START Provided material
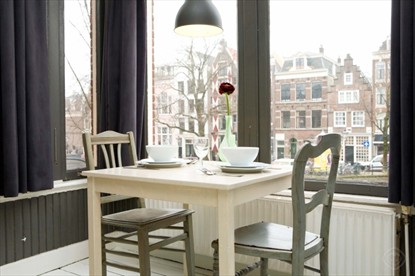 Prinsengracht Studio short stay apartment Amsterdam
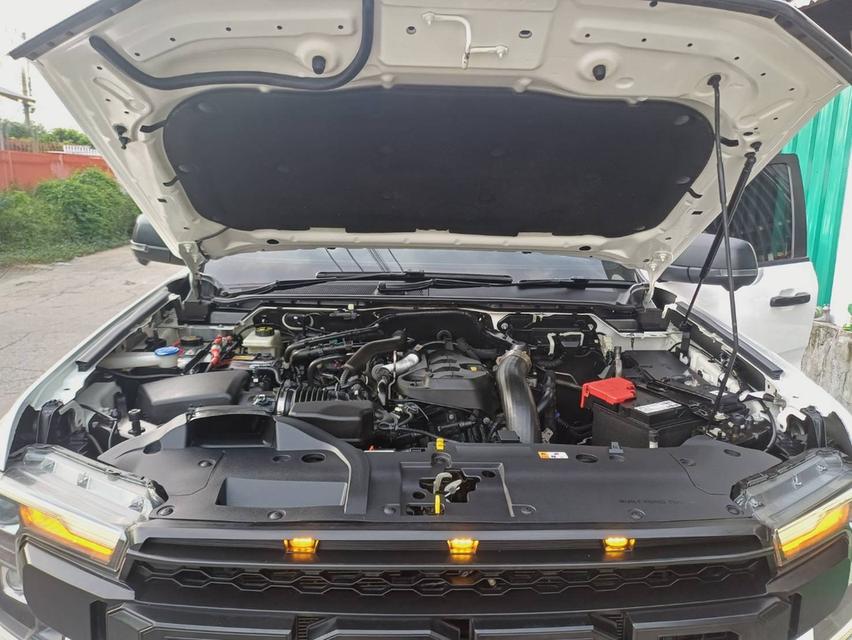 ปี2023 FORD EVEREST TITATIUM AUTO TOP ขับ 4 หล่อเกินบรรยาย ชุดแต่งสุดหรูรอบคัน 10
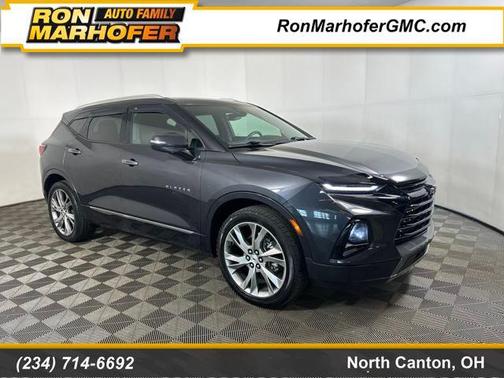 2022 Chevrolet Blazer Premier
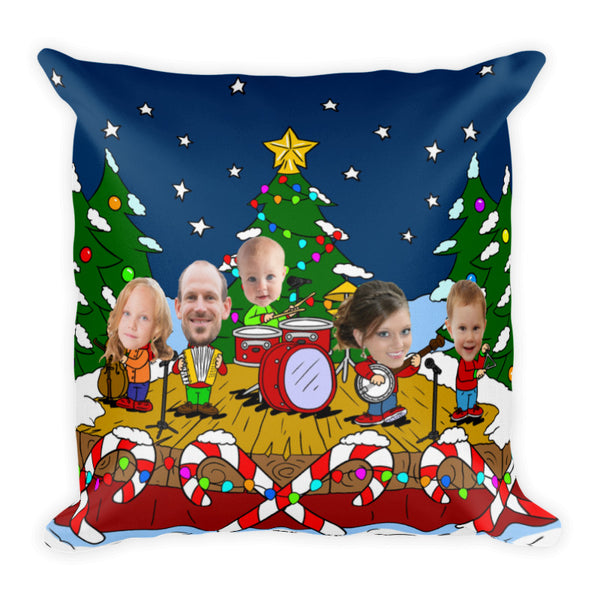 Cushion: Christmas Concert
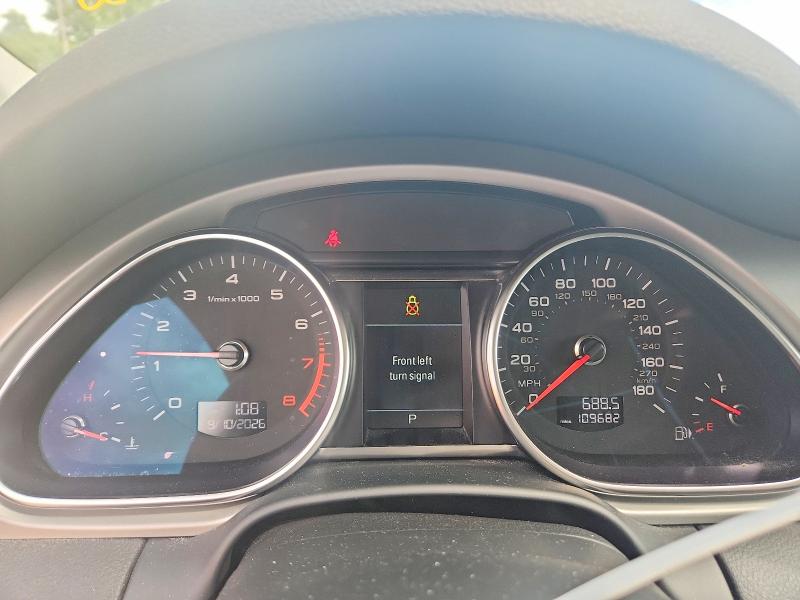 Продаж на аукціоні авто 2015 Audi Q7, vin: WA1LGAFE9FD018459, номер лоту: 68422126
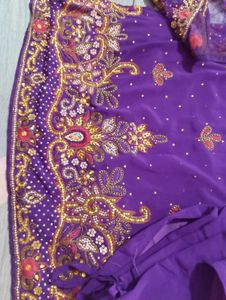 Heavy Wedding Suit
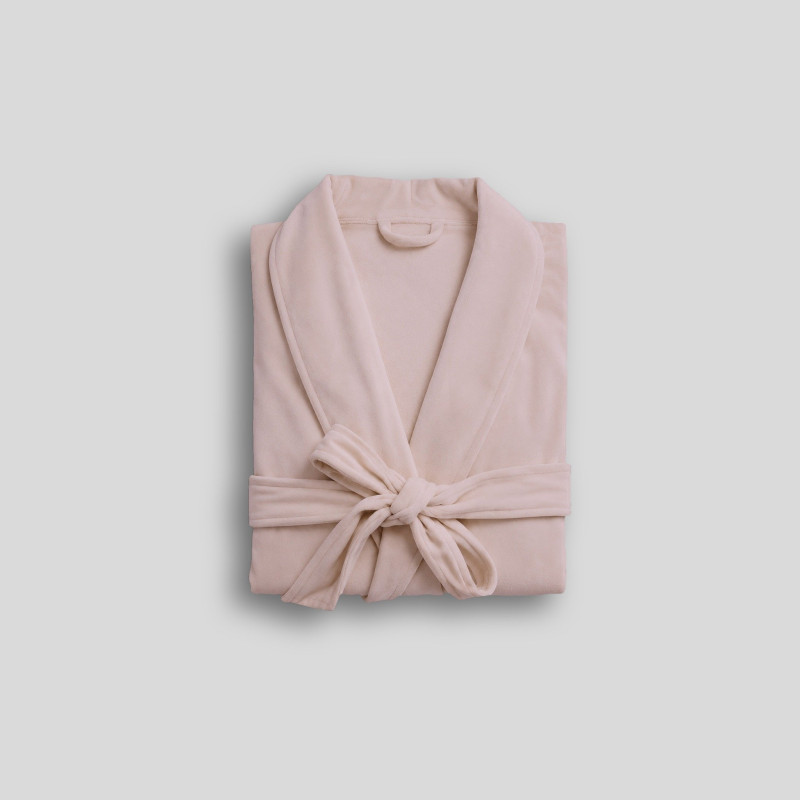Bademantil ogrtač Cozy Svilanit, Rose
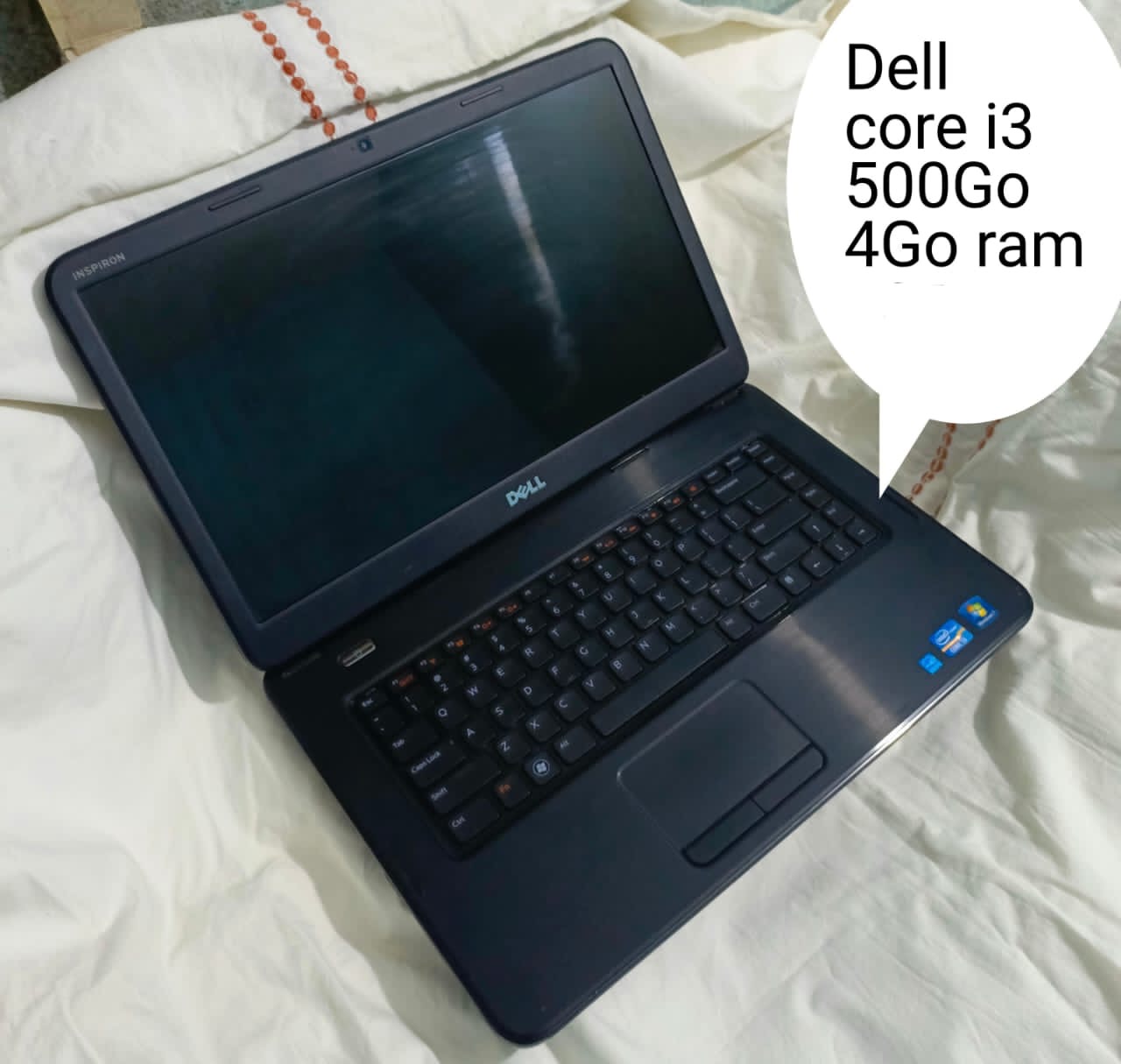 Les ordinateurs  - Vue détaillée 1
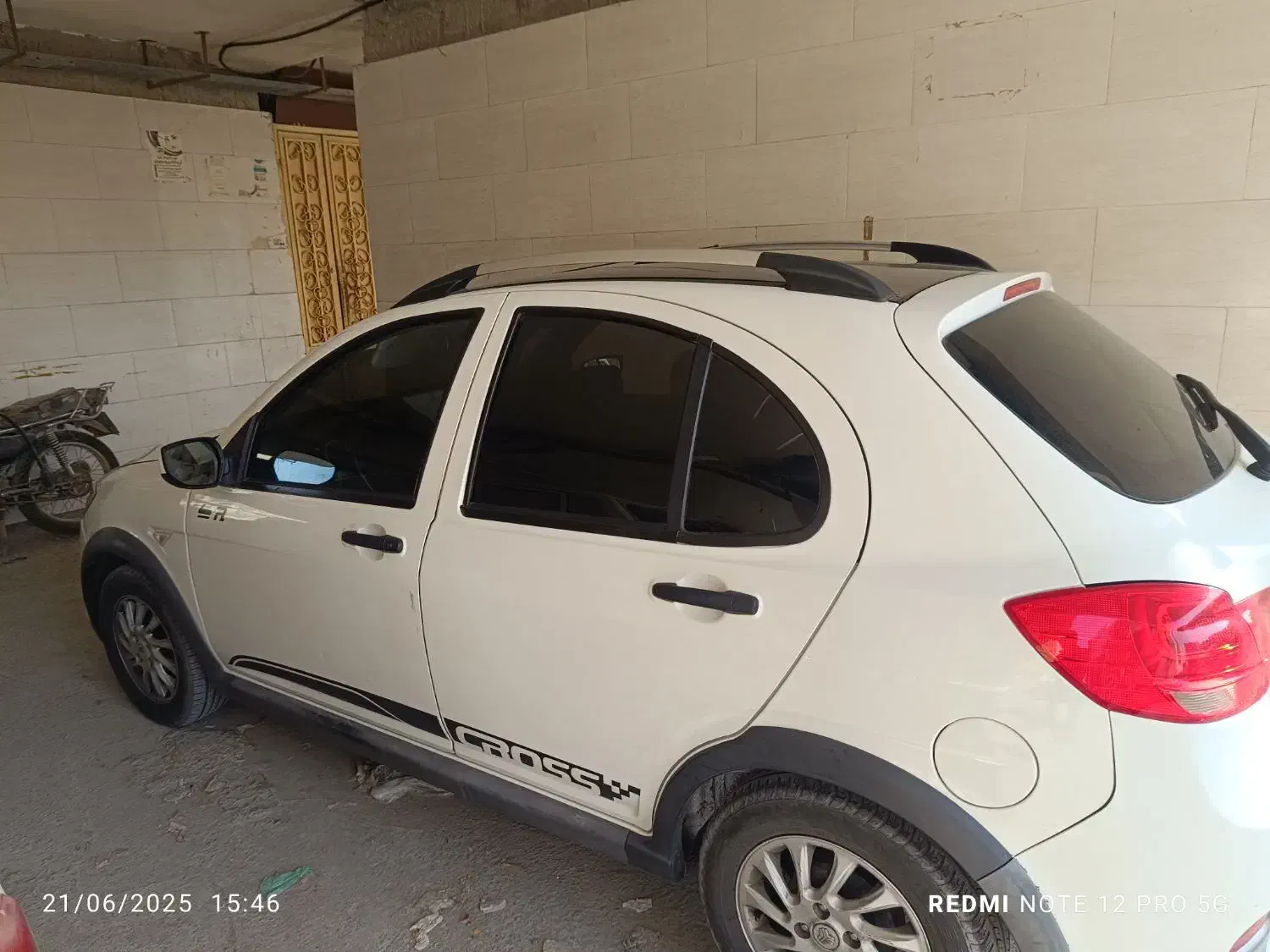 کوییک|خودرو سواری و وانت|بندرعباس, |دیوار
END Provided material
Print the stretch of the data from the line with "Продаж на аукціоні" through its last line, exactly and with both ends kept. Omit pictures.

▶ [Output]
 Продаж на аукціоні авто 2015 Audi Q7, vin: WA1LGAFE9FD018459, номер лоту: 68422126
 Heavy Wedding Suit
Bademantil ogrtač Cozy Svilanit, Rose
 Les ordinateurs  - Vue détaillée 1
 کوییک|خودرو سواری و وانت|بندرعباس, |دیوار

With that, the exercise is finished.